Sabato, 17 Novembre 2018

Mussomeli, in ospedale Tac a contrasto pure per i pazienti esterni

Al Longo il direttore del presidio sanitario, Alfonso Cirrone Cipolla, ha ottenuto il via libera per la riattivazione del servizio al termine dell’incontro con i vertici dell’Asp
Sicilia, Archivio

MUSSOMELI. Presto, anzi prestissimo, l’ospedale Longo potrà effettuare le Tac con i mezzi di contrasto. Un servizio che potrà essere eseguito sui pazienti esterni e quindi non soltanto sui degenti ricoverati.

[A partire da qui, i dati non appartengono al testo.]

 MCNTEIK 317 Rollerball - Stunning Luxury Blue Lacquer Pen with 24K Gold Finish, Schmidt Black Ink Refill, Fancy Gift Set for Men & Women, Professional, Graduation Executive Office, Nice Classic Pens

Una piccola rivoluzione copernicana per un presidio in crescita ma che spesso deve fare fronte con continui stop dovuti alla burocrazia e a inutili inefficienze. Un successo ottenuto grazie all’impegno del direttore di presidio Alfonso Cirrone Cipolla, il quale ha chiesto un vertice in direzione generale per riattivare le prenotazioni sospese degli utenti esterni. La riunione si è svolta ieri mattina, alla presenza del direttore sanitario dell’Asp Lorenzo Lupo, del coordinatore dell’Asp Raffaele Elia, del primario di Radiologia Salvatore Mancuso ed ovviamente dello stesso Cirrone Cipolla.

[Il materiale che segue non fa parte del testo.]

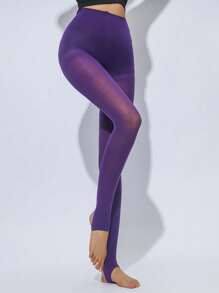1 Pair Women Elegant Stirrup Tights, Casual Daily Wear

«Si é stabilito- riferisce quest’ultimo- di programmare una mattinata, concordandola con gli anestesisti, per riattivare le sedute in Radiologia di Tac con contrasto. Il direttore Salvatore Mancuso ha dato la sua piena disponibilità a riattivare il servizio, mentre il direttore sanitario Lupo ha dato mandato al dottor Elia di contattare la settimana prossima il direttore dell’Anestesia e Rianimazione Giancarlo Floresta, alla presenza delle due anestesiste Fornaciari e Di Giovanni, per individuare una seduta a settimana da dedicare alle Tac e alle urografie con contrasto».

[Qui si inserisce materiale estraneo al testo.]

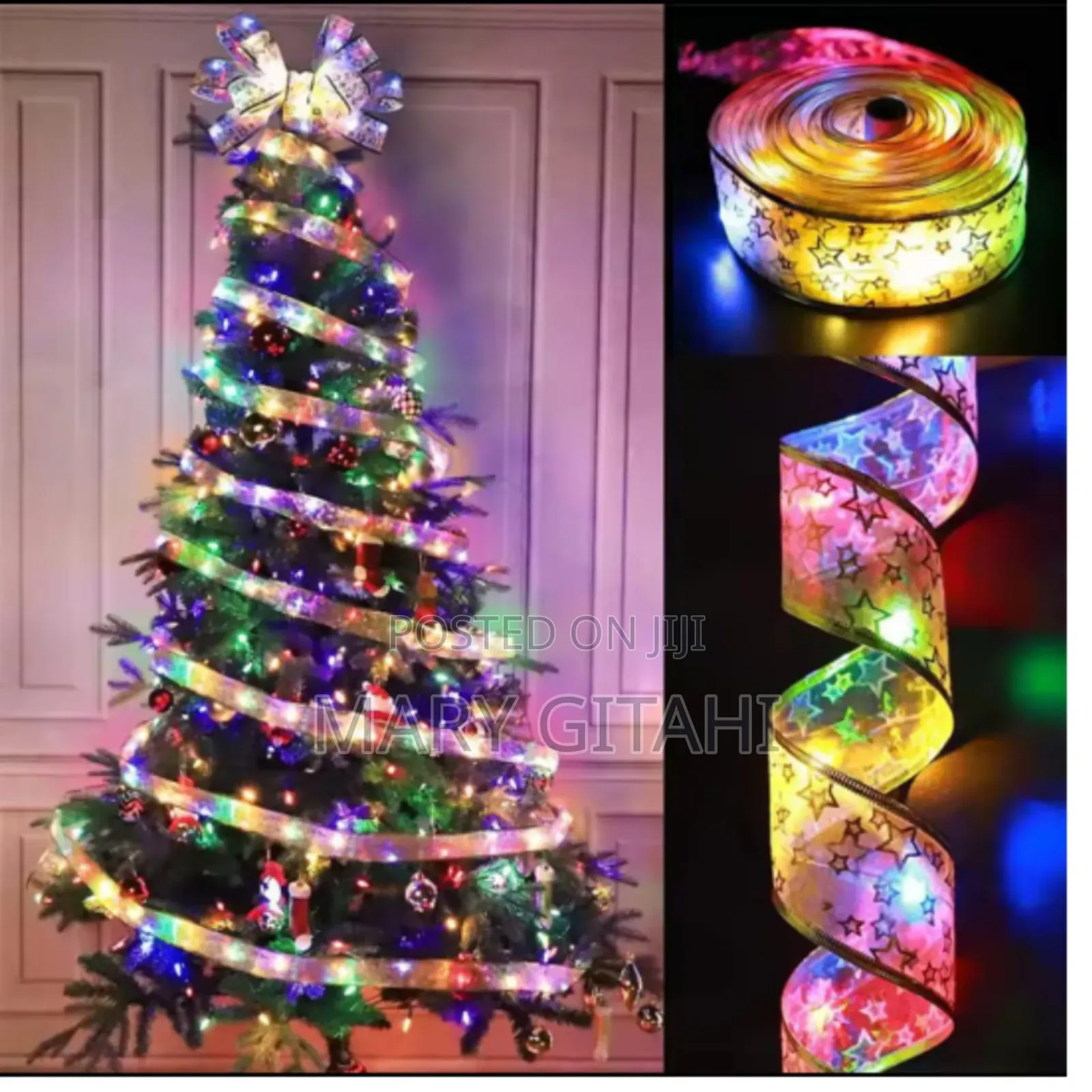 Xmas Multicolored Battery Powered Ribbon Size: 182cm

Il direttore di presidio Cirrone Cipolla ha voluto ringraziare Lupo “per la sensibilità dimostrata”. «In questi mesi- aggiunge- abbiamo lavorato tanto per attivare nuovi servizi e migliorare gli esistenti. Il presidio ospedaliero di Mussomeli ha avviato una nuova stagione e i numeri degli interventi e delle prestazioni sono in continuo aumento. La sicurezza del paziente é per noi prioritaria e non potevamo eseguire una simile prestazione senza la supervisione degli anestesisti, per tutte le complicanze che si possono manifestare».